When I started building progfiguration, I settled on Python, mostly because I know it very well and it has a batteries-included standard library. However, there were a few things I wanted that Python doesn’t have by default1:
- Single binary deployment without unpacking
- Very fast package builds
After some research, I discovered that Python has supported a simple solution (with some caveats) for this since version 2.6: the zip application archive format.
Single binary deployment
Python programs are typically distributed as pip packages, and installing them is a little slow. They are unpacked in special filesystem locations (/usr/lib/python3.xx/site-packages/...
, venv/lib/python3.xx/site-packages/...
, etc) before they can be run, and you cannot run a pip package without this unpacking step, but I’d like to be able to just copy and run my program like any regular executable.
And unfortunately, building Pip packages is even slower, especially when taking the recommended approach of building in an isolated environment (the default when running a simple python -m build
command, see the build
docs.)
A zip application solves these problems.
This is really exciting because it gets the distribution benefits of a compiled binary. You can distribute a package that anyone with a Python interpreter already on their system can run. They don’t have to worry about virtual environments, pip packages, etc. It works on Windows and Unix. All you have to do is zip up your project directory and add a __main__.py
. It’s really cool!
Zip application caveats
- Running the code from inside a pyz file is a bit slower. I suspect this is not signficant for the average case.

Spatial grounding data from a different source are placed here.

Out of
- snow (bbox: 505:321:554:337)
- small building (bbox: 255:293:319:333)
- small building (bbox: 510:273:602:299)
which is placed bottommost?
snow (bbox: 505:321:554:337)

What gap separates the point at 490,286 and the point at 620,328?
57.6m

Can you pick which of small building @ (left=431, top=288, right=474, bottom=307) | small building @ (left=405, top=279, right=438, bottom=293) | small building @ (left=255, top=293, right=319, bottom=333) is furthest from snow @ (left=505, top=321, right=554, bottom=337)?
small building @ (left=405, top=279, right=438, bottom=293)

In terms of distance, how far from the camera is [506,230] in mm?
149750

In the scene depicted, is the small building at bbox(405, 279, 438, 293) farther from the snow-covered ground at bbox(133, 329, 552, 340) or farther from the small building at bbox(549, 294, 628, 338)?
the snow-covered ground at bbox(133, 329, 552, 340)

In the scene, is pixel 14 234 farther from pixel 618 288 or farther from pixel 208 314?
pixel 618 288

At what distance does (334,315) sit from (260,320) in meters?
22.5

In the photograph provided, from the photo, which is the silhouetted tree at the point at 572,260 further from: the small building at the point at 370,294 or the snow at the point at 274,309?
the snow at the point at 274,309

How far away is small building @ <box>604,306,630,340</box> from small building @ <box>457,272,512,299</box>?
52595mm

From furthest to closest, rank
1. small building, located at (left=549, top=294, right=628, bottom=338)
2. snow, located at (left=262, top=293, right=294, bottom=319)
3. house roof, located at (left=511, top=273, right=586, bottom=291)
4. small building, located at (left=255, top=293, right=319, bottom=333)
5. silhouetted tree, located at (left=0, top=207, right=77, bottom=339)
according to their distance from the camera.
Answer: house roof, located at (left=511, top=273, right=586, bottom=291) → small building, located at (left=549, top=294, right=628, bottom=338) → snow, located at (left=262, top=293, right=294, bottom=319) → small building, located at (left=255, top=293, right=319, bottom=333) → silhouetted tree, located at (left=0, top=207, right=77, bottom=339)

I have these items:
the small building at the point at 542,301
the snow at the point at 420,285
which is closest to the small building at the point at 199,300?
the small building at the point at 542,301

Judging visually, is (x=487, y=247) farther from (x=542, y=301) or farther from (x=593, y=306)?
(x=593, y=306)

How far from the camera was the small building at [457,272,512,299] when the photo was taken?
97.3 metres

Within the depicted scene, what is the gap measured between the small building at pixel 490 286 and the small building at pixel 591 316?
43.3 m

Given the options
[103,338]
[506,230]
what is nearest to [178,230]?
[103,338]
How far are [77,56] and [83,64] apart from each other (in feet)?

- Only pure Python code can be executed this way. Python packages that use compiled extensions will not work. While we can include our dependencies as well (see below), they must not require copmiled extensions, which rules out important libraries like cryptography, and important packages which depend on them like requests.

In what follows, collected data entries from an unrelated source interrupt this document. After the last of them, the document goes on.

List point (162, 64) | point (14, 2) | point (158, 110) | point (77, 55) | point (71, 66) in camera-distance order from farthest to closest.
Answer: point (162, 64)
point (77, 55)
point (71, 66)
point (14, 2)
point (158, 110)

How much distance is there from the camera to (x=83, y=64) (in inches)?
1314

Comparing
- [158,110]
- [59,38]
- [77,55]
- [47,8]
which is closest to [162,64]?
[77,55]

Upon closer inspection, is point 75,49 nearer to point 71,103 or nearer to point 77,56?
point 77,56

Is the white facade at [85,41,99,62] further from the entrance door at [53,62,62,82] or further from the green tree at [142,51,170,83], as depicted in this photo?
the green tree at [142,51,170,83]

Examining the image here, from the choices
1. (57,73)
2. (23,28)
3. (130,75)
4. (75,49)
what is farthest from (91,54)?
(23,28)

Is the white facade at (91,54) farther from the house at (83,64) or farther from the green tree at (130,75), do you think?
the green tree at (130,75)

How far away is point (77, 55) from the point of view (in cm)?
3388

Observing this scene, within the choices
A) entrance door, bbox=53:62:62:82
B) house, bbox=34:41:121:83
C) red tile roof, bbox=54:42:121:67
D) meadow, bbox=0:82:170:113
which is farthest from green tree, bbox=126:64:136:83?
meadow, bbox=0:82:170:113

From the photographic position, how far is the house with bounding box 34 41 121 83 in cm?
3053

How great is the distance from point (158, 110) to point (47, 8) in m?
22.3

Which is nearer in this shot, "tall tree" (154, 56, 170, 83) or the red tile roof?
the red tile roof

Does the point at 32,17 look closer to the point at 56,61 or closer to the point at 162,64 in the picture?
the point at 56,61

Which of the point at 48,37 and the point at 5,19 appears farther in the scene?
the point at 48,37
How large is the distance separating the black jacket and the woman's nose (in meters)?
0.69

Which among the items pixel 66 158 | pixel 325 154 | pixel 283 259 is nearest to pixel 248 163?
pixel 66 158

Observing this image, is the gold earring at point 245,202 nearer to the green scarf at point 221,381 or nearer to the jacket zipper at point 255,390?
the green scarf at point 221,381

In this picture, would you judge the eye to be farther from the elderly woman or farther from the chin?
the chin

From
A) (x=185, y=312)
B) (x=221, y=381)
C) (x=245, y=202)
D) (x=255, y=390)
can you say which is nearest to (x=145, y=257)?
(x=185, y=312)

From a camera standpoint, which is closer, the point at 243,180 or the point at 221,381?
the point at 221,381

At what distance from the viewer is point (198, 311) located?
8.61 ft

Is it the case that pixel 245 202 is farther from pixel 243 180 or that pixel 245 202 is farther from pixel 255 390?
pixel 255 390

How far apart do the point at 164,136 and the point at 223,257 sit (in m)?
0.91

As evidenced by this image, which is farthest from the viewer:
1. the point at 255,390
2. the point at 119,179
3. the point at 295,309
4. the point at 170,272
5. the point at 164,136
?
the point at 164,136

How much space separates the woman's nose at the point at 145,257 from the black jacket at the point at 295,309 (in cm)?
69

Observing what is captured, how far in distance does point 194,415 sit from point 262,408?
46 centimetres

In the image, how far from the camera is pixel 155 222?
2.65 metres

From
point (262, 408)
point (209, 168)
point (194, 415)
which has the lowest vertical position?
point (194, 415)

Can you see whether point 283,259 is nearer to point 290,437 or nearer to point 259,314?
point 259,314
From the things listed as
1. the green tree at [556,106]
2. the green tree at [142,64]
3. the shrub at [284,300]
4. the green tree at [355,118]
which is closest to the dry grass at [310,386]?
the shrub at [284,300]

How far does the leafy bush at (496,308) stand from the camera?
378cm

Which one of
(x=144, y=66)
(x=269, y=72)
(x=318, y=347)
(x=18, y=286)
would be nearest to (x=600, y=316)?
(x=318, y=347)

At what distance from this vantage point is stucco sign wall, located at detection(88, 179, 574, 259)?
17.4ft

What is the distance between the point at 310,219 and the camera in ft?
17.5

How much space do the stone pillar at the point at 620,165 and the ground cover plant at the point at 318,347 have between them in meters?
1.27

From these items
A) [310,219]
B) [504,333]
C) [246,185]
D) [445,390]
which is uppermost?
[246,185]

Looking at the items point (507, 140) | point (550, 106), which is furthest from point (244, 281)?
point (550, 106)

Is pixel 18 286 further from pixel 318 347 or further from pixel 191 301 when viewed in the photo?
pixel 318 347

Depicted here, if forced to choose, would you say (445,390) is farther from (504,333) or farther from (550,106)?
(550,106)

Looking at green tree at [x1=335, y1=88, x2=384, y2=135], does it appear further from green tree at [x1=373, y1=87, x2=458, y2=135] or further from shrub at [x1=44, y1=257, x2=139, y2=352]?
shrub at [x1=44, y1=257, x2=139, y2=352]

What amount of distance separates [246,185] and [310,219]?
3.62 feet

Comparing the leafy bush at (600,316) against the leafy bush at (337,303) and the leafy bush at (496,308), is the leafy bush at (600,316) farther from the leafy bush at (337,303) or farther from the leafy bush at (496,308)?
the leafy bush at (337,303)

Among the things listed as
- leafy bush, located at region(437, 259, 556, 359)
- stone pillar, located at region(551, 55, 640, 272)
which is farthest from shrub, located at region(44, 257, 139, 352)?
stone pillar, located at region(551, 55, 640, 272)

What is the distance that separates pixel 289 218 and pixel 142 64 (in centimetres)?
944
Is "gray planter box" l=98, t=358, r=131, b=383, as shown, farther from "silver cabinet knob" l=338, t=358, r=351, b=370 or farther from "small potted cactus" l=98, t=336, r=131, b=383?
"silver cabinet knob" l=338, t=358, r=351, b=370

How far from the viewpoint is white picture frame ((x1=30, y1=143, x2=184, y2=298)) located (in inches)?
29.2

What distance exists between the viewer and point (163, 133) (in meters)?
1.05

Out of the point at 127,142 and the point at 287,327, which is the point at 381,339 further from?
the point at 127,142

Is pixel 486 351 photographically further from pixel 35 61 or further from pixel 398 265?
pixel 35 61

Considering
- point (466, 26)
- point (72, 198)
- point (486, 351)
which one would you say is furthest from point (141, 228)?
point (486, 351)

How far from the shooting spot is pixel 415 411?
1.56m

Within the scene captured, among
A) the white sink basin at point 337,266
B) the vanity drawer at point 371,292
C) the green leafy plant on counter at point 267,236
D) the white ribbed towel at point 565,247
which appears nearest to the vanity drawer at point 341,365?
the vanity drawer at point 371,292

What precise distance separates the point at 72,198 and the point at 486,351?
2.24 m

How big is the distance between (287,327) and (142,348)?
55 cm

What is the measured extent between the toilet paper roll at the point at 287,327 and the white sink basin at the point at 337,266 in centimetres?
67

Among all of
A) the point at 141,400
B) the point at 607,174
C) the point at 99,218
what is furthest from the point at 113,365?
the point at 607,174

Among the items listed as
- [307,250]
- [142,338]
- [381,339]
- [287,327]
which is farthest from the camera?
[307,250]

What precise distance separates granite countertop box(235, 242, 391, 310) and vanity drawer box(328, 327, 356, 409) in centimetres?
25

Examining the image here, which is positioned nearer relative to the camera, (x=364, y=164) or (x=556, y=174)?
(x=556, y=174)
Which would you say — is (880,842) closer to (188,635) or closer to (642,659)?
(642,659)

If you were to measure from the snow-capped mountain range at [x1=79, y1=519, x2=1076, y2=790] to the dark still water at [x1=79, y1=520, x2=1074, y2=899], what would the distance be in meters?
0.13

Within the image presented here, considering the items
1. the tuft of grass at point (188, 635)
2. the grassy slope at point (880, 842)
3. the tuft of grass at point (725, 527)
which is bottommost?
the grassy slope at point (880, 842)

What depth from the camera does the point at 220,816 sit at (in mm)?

- Unlike pip packages, zip applications have no concept of their own version.
Static includes
This gets us most of the way there, but what if we require dependencies? We can make them available to our program as well just by copying them into the zip archive. Once you do, you can import them and use them in your program the same as if they were installed by pip. As noted in the previously linked documentation:
This reminds me of static linking, which is possible in programming environments like C, and the default for code written in Go. Python programs don’t have a linking step, so the name doesn’t apply exactly, and I’ve taken to thinking of them as static includes2.
Examples
Python includes a module called zipapp for creating these archives. You can use its command-line interface:
# See help
python3 -m zipapp --help
# Create a pyz for a package with an existing main function
python3 -m zipapp /path/to/yourpackage --output=yourpackage.pyz --main="yourpackage.cmd:main"
You can use its Python API instead:
import zipapp
zipapp.create_archive(
"/path/to/yourpackage",
target="yourpackage.pyz",
main="yourpackage:main"
)
But any tool that creates a zip file will work; the only requirement is a __main__.py
that contains code to execute.
Here’s an example adapted from progfiguration’s zipapp function.

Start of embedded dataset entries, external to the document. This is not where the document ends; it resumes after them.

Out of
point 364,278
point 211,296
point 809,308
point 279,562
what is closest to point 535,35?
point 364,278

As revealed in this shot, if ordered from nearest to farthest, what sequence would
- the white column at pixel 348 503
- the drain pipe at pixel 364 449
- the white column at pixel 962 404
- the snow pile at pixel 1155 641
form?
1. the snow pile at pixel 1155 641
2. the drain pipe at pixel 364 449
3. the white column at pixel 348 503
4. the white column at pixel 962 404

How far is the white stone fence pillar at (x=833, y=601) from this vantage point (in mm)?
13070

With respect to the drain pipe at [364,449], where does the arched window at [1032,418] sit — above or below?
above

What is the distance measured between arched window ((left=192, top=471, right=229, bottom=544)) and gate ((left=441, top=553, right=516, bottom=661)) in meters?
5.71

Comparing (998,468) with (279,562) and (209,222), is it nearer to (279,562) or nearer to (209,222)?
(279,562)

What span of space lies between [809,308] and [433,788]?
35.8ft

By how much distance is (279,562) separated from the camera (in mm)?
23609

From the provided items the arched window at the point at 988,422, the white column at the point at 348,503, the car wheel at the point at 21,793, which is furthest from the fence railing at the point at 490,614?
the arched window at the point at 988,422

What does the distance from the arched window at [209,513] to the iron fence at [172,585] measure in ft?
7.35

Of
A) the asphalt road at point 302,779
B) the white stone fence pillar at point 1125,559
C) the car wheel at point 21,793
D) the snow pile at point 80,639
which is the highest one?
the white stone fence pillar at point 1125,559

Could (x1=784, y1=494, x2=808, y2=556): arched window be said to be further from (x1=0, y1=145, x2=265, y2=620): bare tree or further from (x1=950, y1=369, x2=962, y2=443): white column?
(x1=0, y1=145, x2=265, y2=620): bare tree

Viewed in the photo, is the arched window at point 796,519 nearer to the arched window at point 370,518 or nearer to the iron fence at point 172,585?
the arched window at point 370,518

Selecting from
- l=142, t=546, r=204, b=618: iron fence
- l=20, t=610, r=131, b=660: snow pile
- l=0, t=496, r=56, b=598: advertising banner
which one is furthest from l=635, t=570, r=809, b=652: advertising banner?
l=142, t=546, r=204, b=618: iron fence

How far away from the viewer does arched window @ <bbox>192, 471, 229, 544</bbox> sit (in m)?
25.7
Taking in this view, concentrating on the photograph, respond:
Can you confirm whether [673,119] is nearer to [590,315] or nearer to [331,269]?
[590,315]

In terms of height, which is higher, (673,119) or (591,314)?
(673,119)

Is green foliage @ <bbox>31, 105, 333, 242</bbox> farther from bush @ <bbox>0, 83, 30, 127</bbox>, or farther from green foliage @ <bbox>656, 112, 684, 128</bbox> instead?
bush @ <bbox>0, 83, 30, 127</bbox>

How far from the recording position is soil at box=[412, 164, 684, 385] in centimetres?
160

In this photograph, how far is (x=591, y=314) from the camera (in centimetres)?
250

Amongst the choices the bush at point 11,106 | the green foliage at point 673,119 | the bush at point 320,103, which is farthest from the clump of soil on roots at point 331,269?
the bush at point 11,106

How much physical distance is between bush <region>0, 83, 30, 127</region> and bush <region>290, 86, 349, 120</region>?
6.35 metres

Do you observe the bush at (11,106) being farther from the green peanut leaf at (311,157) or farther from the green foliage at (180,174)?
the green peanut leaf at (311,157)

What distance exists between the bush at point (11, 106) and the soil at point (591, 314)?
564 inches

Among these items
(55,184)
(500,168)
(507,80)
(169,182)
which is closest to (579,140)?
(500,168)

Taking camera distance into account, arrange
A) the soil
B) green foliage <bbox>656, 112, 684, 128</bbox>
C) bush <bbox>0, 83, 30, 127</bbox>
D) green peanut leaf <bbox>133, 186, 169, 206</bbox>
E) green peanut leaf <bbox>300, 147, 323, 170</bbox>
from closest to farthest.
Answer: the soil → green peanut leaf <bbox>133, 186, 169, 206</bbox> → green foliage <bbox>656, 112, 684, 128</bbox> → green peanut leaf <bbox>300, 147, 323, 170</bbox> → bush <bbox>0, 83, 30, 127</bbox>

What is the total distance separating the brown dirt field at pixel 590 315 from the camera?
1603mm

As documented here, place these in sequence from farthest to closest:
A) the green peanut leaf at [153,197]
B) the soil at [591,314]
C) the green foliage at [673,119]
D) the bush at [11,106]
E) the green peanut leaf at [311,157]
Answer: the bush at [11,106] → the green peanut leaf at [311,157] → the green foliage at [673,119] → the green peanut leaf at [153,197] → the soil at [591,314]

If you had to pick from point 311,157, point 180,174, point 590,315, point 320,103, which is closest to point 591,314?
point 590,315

It uses the regular zipfile
library, without zipapp
at all.
import pathlib
import stat
import zipfile
yourpackage_path = pathlib.Path("/path/to/yourpackage")
somedep_path = pathlib.Path("/path/to/somedependency")
pyz_path = pathlib.Path("yourpackage.pyz")
main_py = "import yourpackage; yourpackage.main()"
with open(pyz_path, "wb") as fp:
# Writing a shebang like this is optional in zipapp,
# but there's no reason not to since it's a valid zip file either way.
fp.write(b"#!/usr/bin/env python3\n")
# Note that we cannot combine the zipfile context manager with the open() context manager,
# because the zipfile context manager writes a zip header when it opens,
# and we need to write the shebang before the zip header.
with zipfile.ZipFile(fp, "w") as z:
# Copy your package into the zipfile
for child in yourpackage_path.rglob("*"):
child_relname = child.relative_to(yourpackage_path)
z.write(child, "yourpackage/" + child_relname.as_posix())
# Copy the dependency package into the zipfile
for child in somedep_path.rglob("*"):
child_relname = child.relative_to(somedep_path)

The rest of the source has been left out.